Now I would need to make some calculations based on the data I am receving, atleast once in a minute.
I thought of long running process which would be supervised by another process.
Using Process.sleep(60000) I can force the process to wait for 1 minute before running the calculations again.
Is this optimal or are there any better solutions for this kind of work? Any ideas are welcome :slight_smile:

Usually the approach is to use Process.send_after(self(), :calculate, 60_000) and then have a def handle_info(:calculate, state) do and do the calculation there.

5 Likes

Thank you for the answer.
Anybody have any thoughts about using crontab for such tasks?

Kind of need to forget what you know about normal programming limitations and welcome the recursive and process infinite loop here.

as @benwilson512 mentioned the most efficient way is to recursively call yourself after you have done your calculations.

Your calculations might run over 60seconds to complete.
The operating system scheduler might not wake your thread up at the exact time
Cron job handler might have a problem and not launch any of your jobs
These are all the limitations we introduced to programming languages when we made the mainloop invisible to consumers.

2 Likes

I’d use GitHub - sorentwo/oban: 💎 Robust job processing in Elixir, backed by modern PostgreSQL

1 Like

You could try to use an Elixir Agent to keep the calculations up to date for each time you receive a message from other servers, therefore no need to calculate it periodically, but if you need to really do it periodically I would go with @benwilson512 suggestion.

1 Like
  • Have a GenServer that is responsible for calculating and returning the aggregated data.
  • Have that GenServer maintain this state:
    • Date/time showing when it last did a calculation.
    • Last cached calculation.
  • When the GenServer receives a message to supply the aggregated data, have it check against the date/time; if more than 60_000 ms have passed, re-calculate it and return it. If the data has been calculated less time before that, just return a cached response.

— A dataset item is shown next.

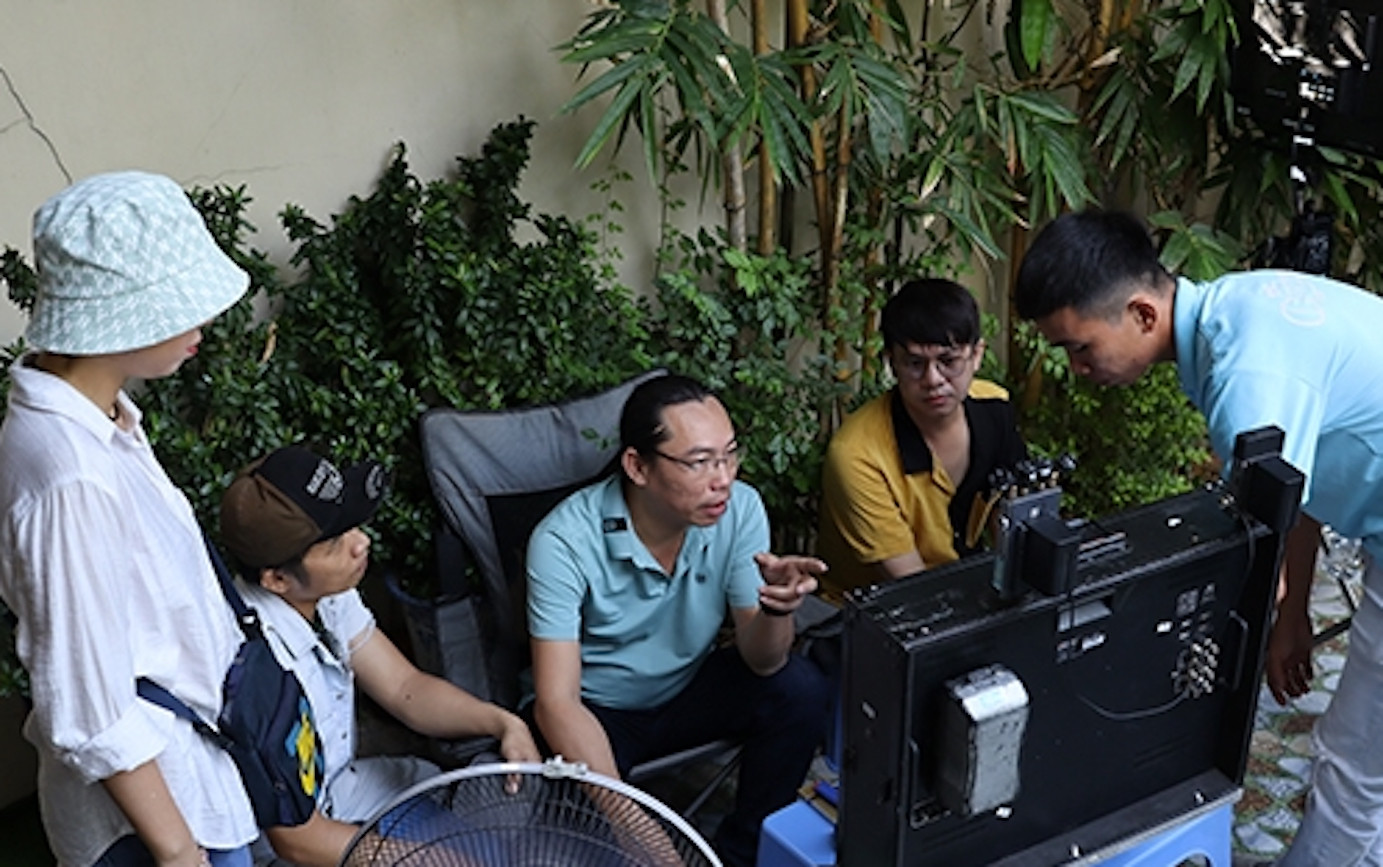 Đạo diễn Trần Toàn (giữa) đang chỉ đạo các cảnh quay. Đạo diễn Trần Toàn (giữa) đang chỉ đạo các cảnh quay.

I personally wouldn’t reach for a fixed time period recalculation. Imagine if nobody pings that state for a week. Why recalculate it every minute?

It depends on the project and how frequently will this data be requested but in any case, food for thought. I have changed several hobby projects to the pattern above and my OCD about not wasting CPU resources has calmed down. :101:

2 Likes

The usual way is to use send_after as @benwilson512 mentioned to schedule itself. Process.sleep shouldn’t really be used outside of very niche cases (e.g., maybe helpers for retry/backoff, testing)

Different flows will depend on what you need to do in that interval. Some considerations:

  • Can the activity you plan to do every interval take more than the interval itself? What should happen if it does?
  • Does it depend on the existence of other processes (e.g. it can schedule itself)? Or can it be always running no matter what, even in the absence of relevant sources/data?
  • How does it get its data? Is the cache/data source serialising access?
  • What side effects does it create?
  • Are you running more than 1 node and if so does it impact the way it needs to run (e.g. if the side-effect is writing stats into the db, or generating a pdf - of course in this case won’t be but an example - it might be that you only want a single process amongst all instances to ever be working on that)
  • Are there any hard guarantees you need regarding the timing and execution, is it ok if it just misses something or is best effort, etc

There are also gen_statems that have direct utilities for timers and can be useful if the flow has any semblance to a list of steps (or obviously a state-machiney nature). Like, set timer → wait → timer fires → load data → do something → do something else → set timer → wait → repeat…

2 Likes

Those are very good things to consider.
The calculations should be fast but Im holding hundreds of websocket connections which are all getting messages every other second. Perhaps there should be even multiple processes for the calculations.
I am actualy amazed by the way elixir can handle processes, so spawing more processes for each work is no problem I think.

2 Likes

Dynamically supervised GenServers that utilized the handle_continue callback and a sleep timer would be another way.

defp periodic_calculation do
  #do some work
  :timer.sleep(60000)
end

@impl true
def handle_continue(:my_timer, state) do
  periodic_calculation()
  {:noreply, state}
end
1 Like